Teachers in Boone, Daviess, Jefferson, Jessamine, Kenton and Warren counties are using the FALS, designed by the Shell Centre in England and the University of California at Berkeley, to support new and intensive attention to mathematical practice as part of a $599,016 Gates Foundation grant that was announced in February 2010.
According to Weston, each FAL starts with a mathematics task and organizes a lesson that draws students into “a productive struggle with the mathematics essential for college readiness.”
First, students work on an initial task that lets them see the challenge they need to address. Then students work in small groups figuring out a set of related mathematics puzzles, each designed to help the students work out good ideas for tackling the original problem. Students then participate in a whole-class discussion before going back to revise their earlier answer on the initial task based on what they have learned.
“In the process, both teachers and students are figuring out what students were confused about, and both are discovering (because the lessons are so well designed) that the kids really can do the higher-order work successfully,” she said.
The FALs are intended to be used by teachers every couple of weeks as part of their courses, Weston said. Individual teachers or districts can decide how each FAL will be used. So one teacher could use a FAL to introduce a mathematics topic, and another teacher could use the same FAL two-thirds of the way through a topic to make sure students understand.
Instructional Supervisor Winnie Cohron of the Warren County school district said the lessons are excellent models of what challenging, rigorous tasks look like.
“The formative assessment strategies provide teachers with key steps to follow to engage students in discussion about the content, to build confidence in the ability to solve math problems and to provide challenging but ‘achievable’ math problems for students to solve,” she said.
Teachers believe their lessons match the level of mathematics standards, but frequently they do not, she said.
“Using these tasks facilitates less teacher talk and more student talk, focusing on students’ wrestling with a problem and owning the solution-development process,” Cohron said. “Learning does not occur unless (students) are actively engaged in the work.”

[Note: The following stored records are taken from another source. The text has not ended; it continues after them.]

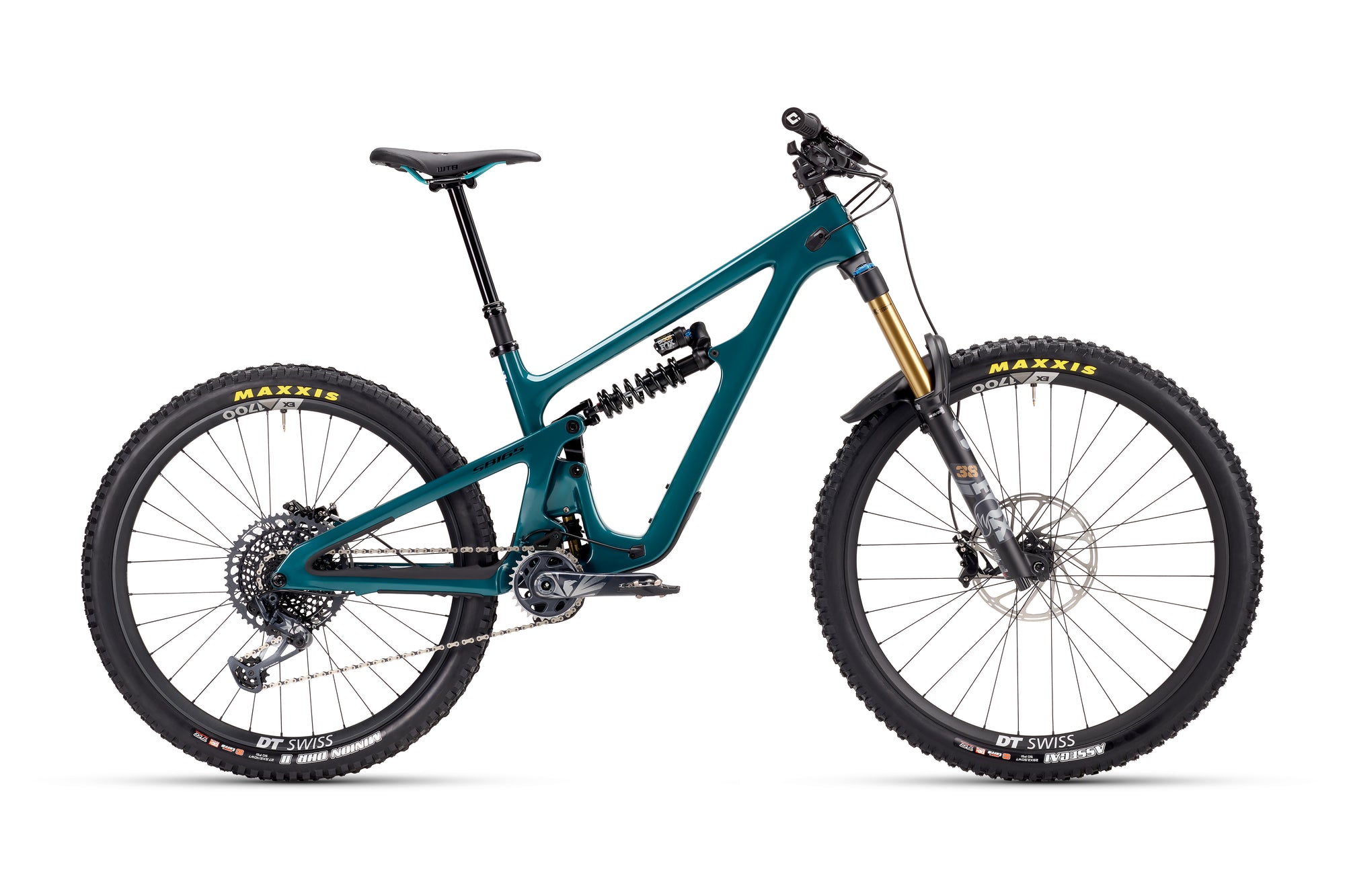 2025 Yeti SB165 T2 X01 Spruce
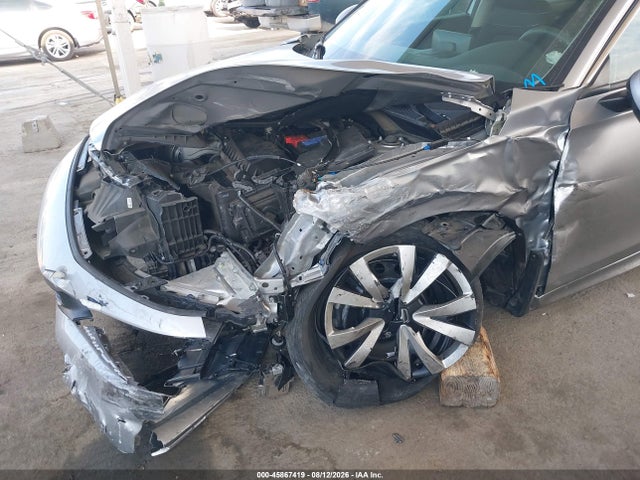 Honda Civic Lx 2023 2HGFE2F27PH568740 Image 6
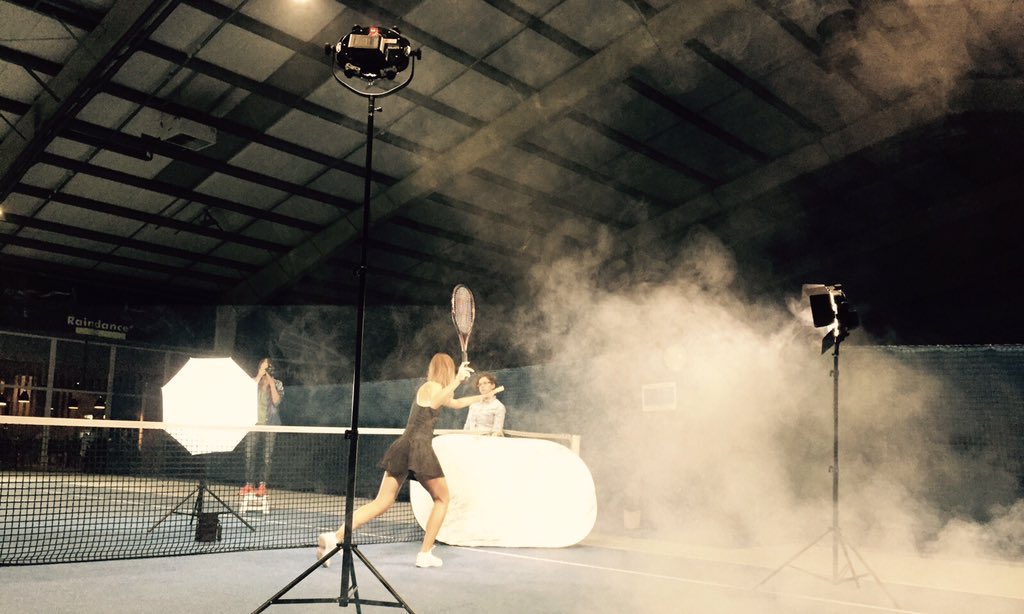 MagdaLinette's tweet photo. Zadyma na korcie🎾📷 https://t.co/DeEJ2txvJS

Pat Murray, the deputy superintendent/chief academic officer in the Boone County school district, likes that the FALs focus on student problem-solving.
“They have to think through the task – answers/solutions are not given to them,” she said.
In her district, teachers are embedding FALs into instruction where they best match the content. Murray said. They are very high on the tasks and are even trying to develop some of their own, she said, though teachers and students have struggled some with the approach.
“Teachers have to hold back on giving them answers and let them figure it out themselves,” she said. “Students do not problem-solve like this often enough, and it is hard for them to make the adjustment, but I’ve seen them struggle to success and really understand the content at a deep level.”
Weston said mathematics experts have led professional development outside the classroom and done model lessons and observations in classrooms. Teachers work with the expert, use the ideas in their classroom and return to work with the trainers, she said.
Cohron said that the teachers who have used the strategies consistently report increased student engagement and understanding of mathematics standards, though they take additional time to develop.
“This method is effective in promoting student learning through active engagement,” she said.